Nick smiled. "Not where, my dear boy," he said, reaching out to touch Sirius's sleeve. "When."

--

It only took a moment, a moment in a gloomy hallway adorned with the severed heads of house-elves, for Sirius to figure out that he was home. Or, more specifically, back in his parents' house at Grimmauld Place. The grandfather clock in the foyer ticked a death knell that echoed throughout the house and made Sirius's skin crawl. He looked around anxiously.

"Why are we here?" he asked Nick, a silent presence beside him. "Why this house?"

"It is your house, isn't it?" said Nick. "Your childhood home?"

Sirius shook his head. "It was a house I lived in," he said, "but it was never my home."

Nick looked at him sadly. "Come along, Mister Black.
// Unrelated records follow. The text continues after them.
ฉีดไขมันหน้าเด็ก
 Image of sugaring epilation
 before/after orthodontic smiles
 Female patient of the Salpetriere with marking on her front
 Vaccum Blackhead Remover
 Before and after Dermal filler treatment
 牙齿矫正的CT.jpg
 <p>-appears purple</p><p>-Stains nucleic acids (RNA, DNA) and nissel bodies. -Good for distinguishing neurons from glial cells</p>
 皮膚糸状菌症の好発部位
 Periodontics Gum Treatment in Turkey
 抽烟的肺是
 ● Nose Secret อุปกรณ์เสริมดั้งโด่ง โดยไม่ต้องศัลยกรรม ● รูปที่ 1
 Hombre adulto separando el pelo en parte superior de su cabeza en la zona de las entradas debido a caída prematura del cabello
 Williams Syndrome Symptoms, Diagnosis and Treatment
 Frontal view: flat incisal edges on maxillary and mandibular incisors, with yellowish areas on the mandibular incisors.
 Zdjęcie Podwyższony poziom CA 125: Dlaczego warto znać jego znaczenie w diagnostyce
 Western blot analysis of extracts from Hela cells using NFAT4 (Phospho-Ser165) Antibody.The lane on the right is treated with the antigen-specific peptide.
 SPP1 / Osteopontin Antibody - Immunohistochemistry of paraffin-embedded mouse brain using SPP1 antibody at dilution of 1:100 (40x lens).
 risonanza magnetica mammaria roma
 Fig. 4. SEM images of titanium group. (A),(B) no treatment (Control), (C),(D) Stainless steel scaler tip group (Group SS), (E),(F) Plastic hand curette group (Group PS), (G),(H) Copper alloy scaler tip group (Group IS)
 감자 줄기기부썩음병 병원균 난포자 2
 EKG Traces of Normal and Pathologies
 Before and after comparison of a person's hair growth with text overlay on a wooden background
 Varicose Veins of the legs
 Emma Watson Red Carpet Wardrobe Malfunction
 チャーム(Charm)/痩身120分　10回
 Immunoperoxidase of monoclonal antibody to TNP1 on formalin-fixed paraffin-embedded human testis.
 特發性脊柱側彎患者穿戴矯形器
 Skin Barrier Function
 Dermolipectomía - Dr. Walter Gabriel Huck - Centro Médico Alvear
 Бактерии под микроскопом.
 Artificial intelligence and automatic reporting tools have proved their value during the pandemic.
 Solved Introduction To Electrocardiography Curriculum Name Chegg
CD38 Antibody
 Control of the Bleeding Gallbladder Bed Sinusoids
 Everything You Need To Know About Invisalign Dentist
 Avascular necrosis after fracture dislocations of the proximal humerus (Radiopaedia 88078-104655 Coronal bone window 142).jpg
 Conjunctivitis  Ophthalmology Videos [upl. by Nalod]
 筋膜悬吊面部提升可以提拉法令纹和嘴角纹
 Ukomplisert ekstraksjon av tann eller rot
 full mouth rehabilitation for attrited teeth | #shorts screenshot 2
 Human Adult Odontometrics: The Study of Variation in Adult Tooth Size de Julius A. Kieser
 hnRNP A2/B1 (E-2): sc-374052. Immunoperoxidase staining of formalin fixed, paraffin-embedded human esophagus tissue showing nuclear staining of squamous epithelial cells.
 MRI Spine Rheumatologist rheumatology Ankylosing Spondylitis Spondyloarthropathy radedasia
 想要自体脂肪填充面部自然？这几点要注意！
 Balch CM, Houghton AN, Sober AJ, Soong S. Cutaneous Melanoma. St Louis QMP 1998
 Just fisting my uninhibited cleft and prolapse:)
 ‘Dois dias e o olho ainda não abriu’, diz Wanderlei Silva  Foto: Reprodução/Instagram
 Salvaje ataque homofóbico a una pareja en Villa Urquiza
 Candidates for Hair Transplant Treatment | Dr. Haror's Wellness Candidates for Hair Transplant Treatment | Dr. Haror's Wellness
I believe your father is in the study."

Sirius's father - a tall, intimidating man - was indeed in the study, seated in a very plush green armchair and looking over the Evening Prophet, nursing three fingers of Firewhisky. Sirius hovered in the doorway, unsettled and unwilling to enter.

"He can't see us, can he?" asked Sirius. Nick nodded, and his head toppled to his shoulder.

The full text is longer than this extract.